The Hilsner Affair (also known as the Hilsner Trial, Hilsner Case or Polná Affair) was a series of anti-semitic trials following an accusation of blood libel against Leopold Hilsner, a Jewish inhabitant of the village of Polná in Bohemia in 1899 and 1900. The affair achieved widespread media publicity at the time.
Anežka Hrůzová, a 19-year old Czech Catholic girl, living in Věžnička, a village two miles from Polná, and going every day to the city to work as a seamstress, left her place of employment on the afternoon of March 29, 1899, and did not return to her home. Three days later (April 1) her body was found in a forest, her throat having been cut and her garments torn. Nearby was a pool of blood, some blood-stained stones, parts of her garments, and a rope with which she had been either strangled to death or dragged, after the murder, to the place where the body was found.
The suspicion of the sheriff was first turned against four vagrants who had been seen in the neighborhood of the forest on the afternoon of the day when the murder was supposed to have been committed. Among them was Leopold Hilsner, a 23-year old Jew, a man of little intelligence, who had been a vagrant all his life. Suspicion against him was based on the fact that he had been frequently seen strolling in the forest where the body was found. A search of his house showed nothing suspicious. He claimed to have left the place on the afternoon of the murder long before it could have been committed; but he could not establish a perfect alibi. Hilsner was arrested and tried at Kutná Hora September 12–16. He denied all knowledge of the crime. The only object which could be used as evidence against him was a pair of trousers on which some stains were found that, according to the testimony of chemical experts, might have been blood, while the garment was wet as if an attempt had been made to wash it. Witness against him, who claimed to have seen Hilsner, at a distance of 2,000 feet, in company with two strange Jews, on the day on which the murder was supposed to have been committed and on the spot where the body was found. Another witness claimed to have seen him come from that place on the afternoon of March 29 and to have noticed that he was very much agitated. Both the state's attorney and the attorney for the Hrůza family Karel Baxa made clear suggestions of ritual murder. Testimony had proved that Hilsner was too weak to have committed the crime by himself. Still he was sentenced to death for participation in the murder, while his supposed accomplices were undiscovered and no attempt was made to bring them to justice.
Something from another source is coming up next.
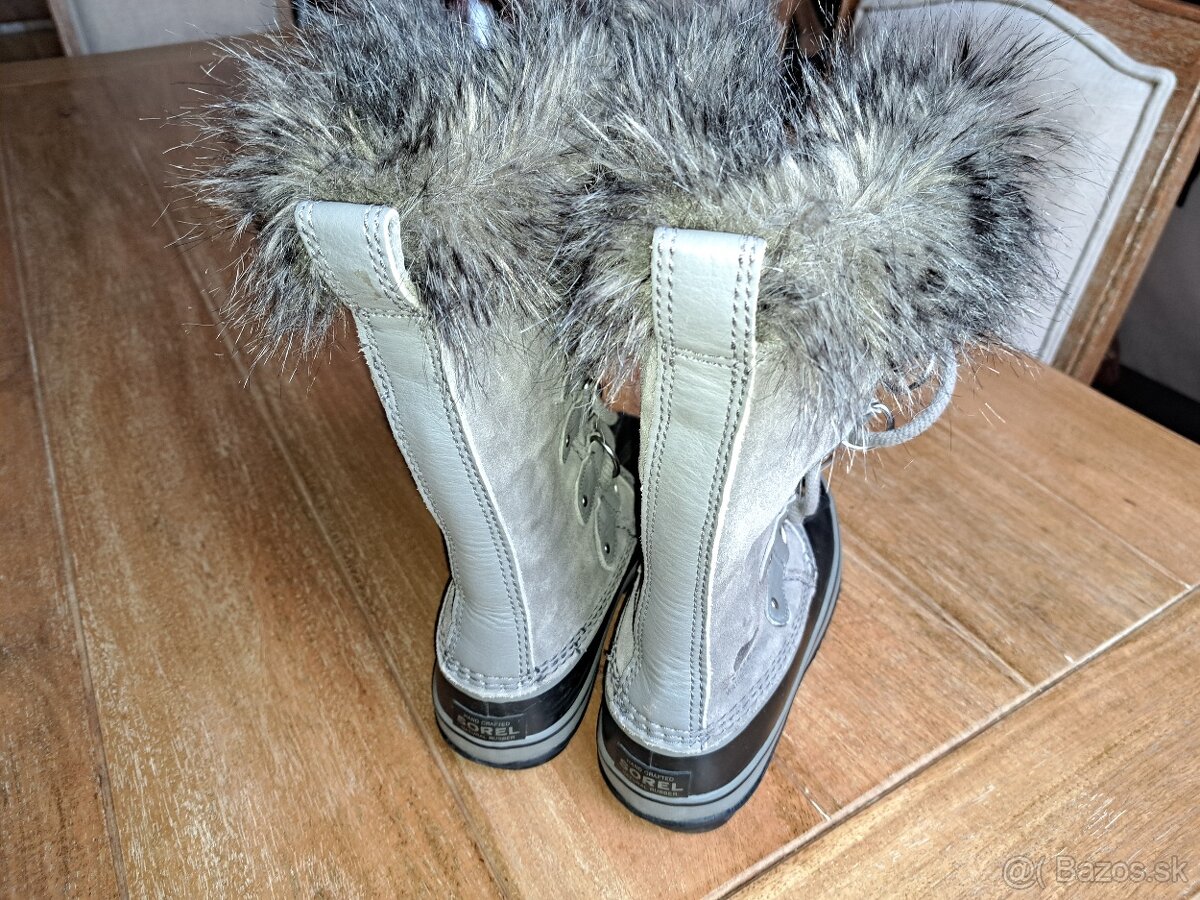 Sorel 37 zimne cizmy - 4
On the ground of technicalities, an appeal was made by Tomáš Masaryk to the supreme court, which ordered a new trial, to be held at Písek in order to avoid intimidation of the jury by the mob, and that it might not be influenced by political agitation. On September 20, 1899, a few days after the first trial, Hilsner was frightened by his fellow prisoners, who showed him some carpenters working in the courtyard of the jail and told him that they were constructing a gallows for him. They persuaded him to give the names of his accomplices, as by doing so he would obtain a commutation of his sentence. Hilsner implicated Joshua Erbmann and Solomon Wassermann as those who had assisted him. Being brought before the judge on September 29, he declared that this charge was false. On October 7, however, he reiterated the charge, but again recanted on November 20. Fortunately for those he had accused, they were able to prove perfect alibis, one of them having been in jail on the day of the murder, while the other proved, from certificates of poorhouses in Moravia which he had visited as a beggar, that he could not possibly have been in Polná on that day.
Meantime Hilsner was accused of another murder. Marie Klímová, a servant, had disappeared July 17, 1898, and a female body found October 27 following in the same forest where that of Anežka Hrůzová had been discovered, had, with great probability, been identified as that of the missing girl. Decomposition was, however, so advanced that not even the fact that the girl had been murdered could be established. Hilsner, charged with this crime also, was tried for both murders in Písek (October 25 - November 14, 1900). The witnesses at this trial became more definite in their statements. Those that at the first trial had spoken of a knife which they had seen in Hilsner's possession, now asserted distinctly that it was such a knife as was used in ritual slaughtering. The strange Jews who were supposed to have been seen in company with Hilsner were more and more particularly described. When witnesses were shown that the testimony given by them at the second trial differed from that given at the first trial, they said either that they had been intimidated by the judge or that their statements had not been correctly recorded.
The verdict pronounced Hilsner guilty of having murdered both Anežka Hrůzová and Marie Klímová. He was sentenced to death (Nov. 14, 1900), but the sentence was commuted by the emperor to imprisonment for life. The sentence was commuted to life imprisonment on the basis of an imperial reprieve on 11 June 1901, although a number of requests to renew the trial were turned down. Shortly before the end of the First World War (24 March 1918) Hilsner was pardoned by Karl I of Austria. He spent the rest of his life in Velké Meziříčí, Prague and Vienna; he died on 9 January 1928 at the age of 52 in Vienna. His verdict was never annulled, and no one else was ever charged with the murders.